タイトルは「たぷの里」
とにかく「たぷ」
擬音語が多い赤ちゃんの本ですが、これほどまでに「たぷ」という音を使った絵本があるだろうか、いや多分ない。
それほどまでに「たぷ」が繰り返しでてきます。
ていうか2回に1回「たぷ」。
出典:Amazon
“主食絵本かおやつか絵本か”
絵本のことを「主食絵本」と「おやつ絵本」とわける考え方があります。
前者は想像力をかきたて、長く楽しめるご飯のような絵本。
後者はぱっと目を引く絵柄などで即効性の楽しみがあるおやつのような絵本。
前者はベストセラーになるような絵本で、後者はうんちと書いてあれば子供がみんな食いつくみたいな本です(※うんちは悪くない。うんちのベストセラーもありますので。)
栄養のある主食絵本を多く読みましょうねーという話。
この絵本はぱっと見後者に分類されそうなのですが、実はそうではないのがおすすめしたいポイントです。
意味なんてない、それがたぷ
「たぷ」ってどういうときに使うかと考えると、多分多くのアラサーは安西先生の二重あごを想像するかと思うのですが、大人が日常生活で使う用はあまりないですね。
ところがこの「たぷ」、子供と一緒だと意外と使える言葉なんです。
そもそも赤ちゃんのあごはたいてい「たぷ」です。
腕や太ももが「たぷたぷ」してる可愛いベイビーもいますねーいいですねー。
お父さんのお腹が「たぷ」な子もいるかも。
(本物の「たぷ」ができるなんて羨ましい。私はやらないけど)
それから「たぷ」って読むときなぜか一呼吸置いて
「…たぷ。」と置きにいくように読んじゃうのなんでだろう。
これが「たぷ」ってことなのね…と子供までそっとあごをのせてから
「…たぷ。
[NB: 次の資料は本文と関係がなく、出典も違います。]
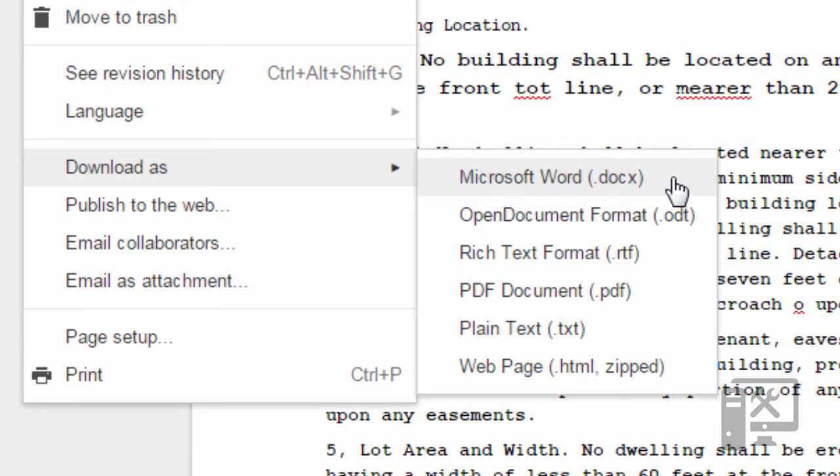So that's how you do the easy PDF to Word conversion. If you have additional questions or need to know how to do something on your computer, leave a comment down below. Don't forget to like this video and subscribe to our channel for more.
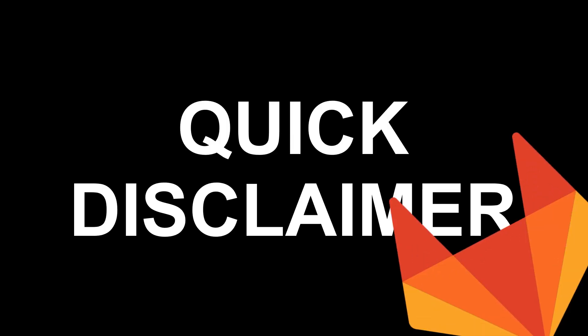Quick disclaimer, I currently work for GitLab. This video demonstrates my workflow prior to joining GitLab.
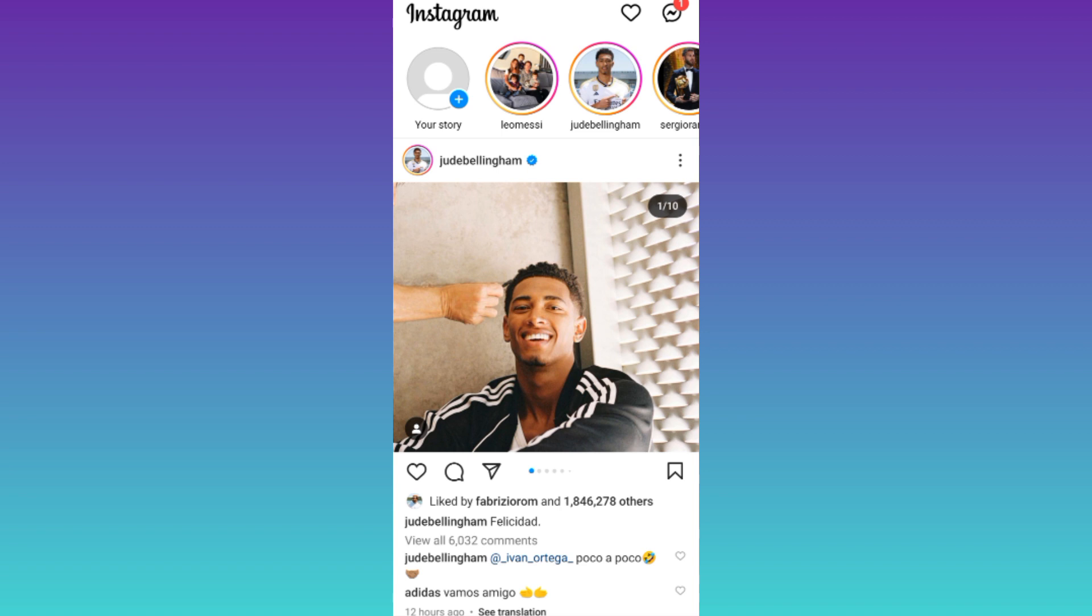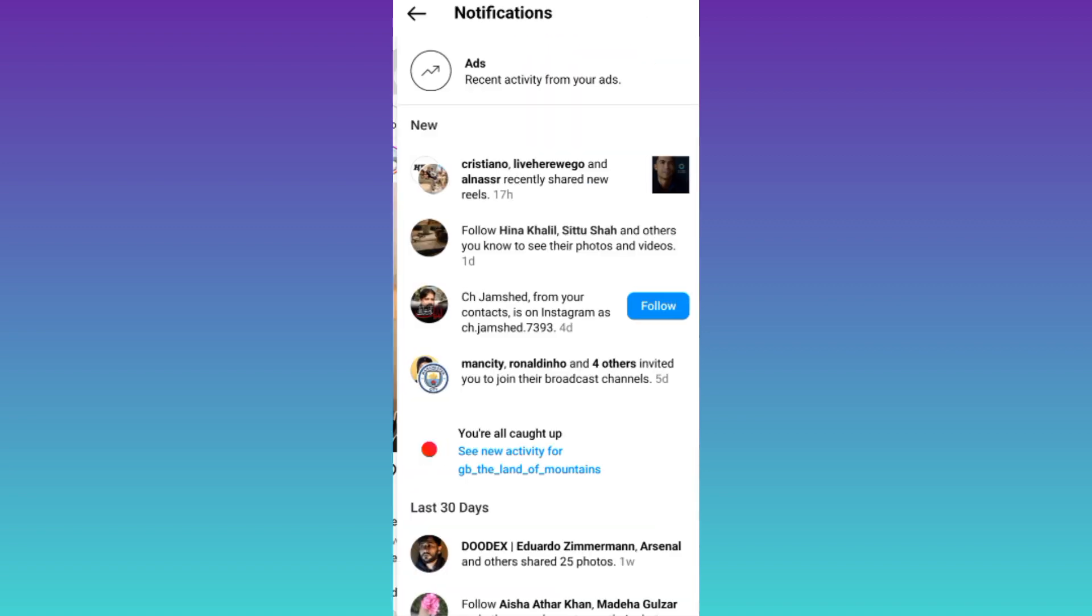Then click on this heart icon at the top right corner of your screens. And right here, if anyone has shared your Instagram post to their story, you will see a notification.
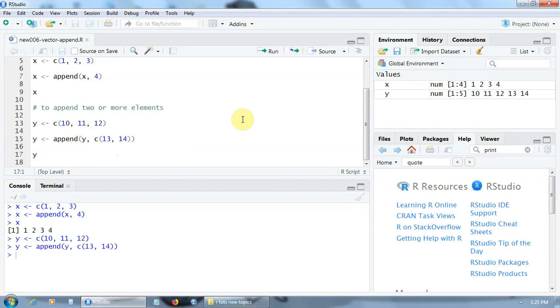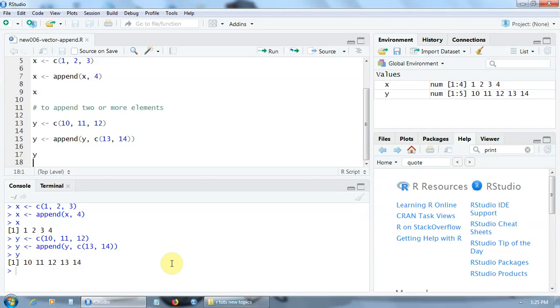Let's see the result. So now the vector y has these five elements 10, 11, 12, 13, and 14.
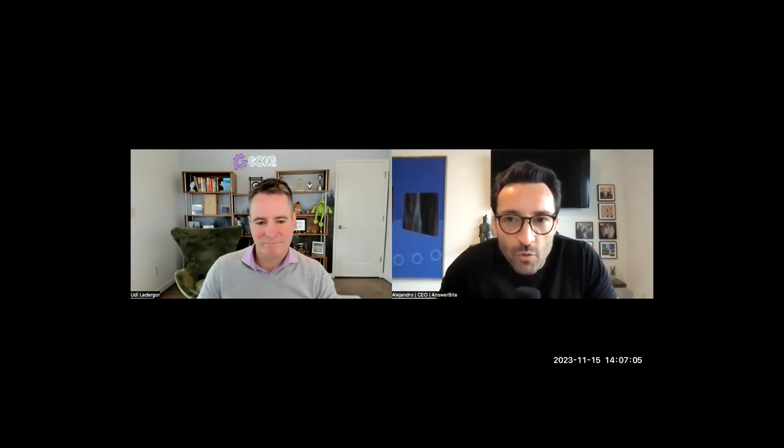Today, we have Udi Ledergor, a five-time marketing leader at B2B startups and currently the chief evangelist at Gong. As chief evangelist, Udi oversees Gong's market leadership through new product launches and thought leadership. On his journey from being the first marketer at Gong to Gong's chief marketing officer, he led the creation of the revenue intelligence category, pioneered an iconic human-centric brand, and led Gong's marketing efforts from zero to hundreds of millions in revenue.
」と言ってしまうんだからなんでだろう。
読むとそこにしっとりした質感がともなう「たぷ」という言葉。
なんだかとても愛おしく思えてくる不思議な言葉なのです。
この本を読むと、月を見ても「たぷ」。
自転車に乗っても「たぷ」。
お風呂に入っても「たぷ」
お相撲さんをテレビでみたら「たぷ」。
マツコデラックスも「たぷ」。
もうなんでもかんでも「たぷ」に変わって子供は大喜び。
意味はわからないけど楽しいからいっか、とおおらかな気持ちになってしまう。
藤岡先生はこの本の年齢対象を「赤ちゃんから君まで」としています。
赤ちゃんから読んでいるお母さん、お父さん、おじいちゃんおばあちゃんまで。
おやつみたいな本と思うなかれ、と言いながら、おやつな本いいじゃんねー、堅苦しいこと言うなよ、という気持ちになる本なのです。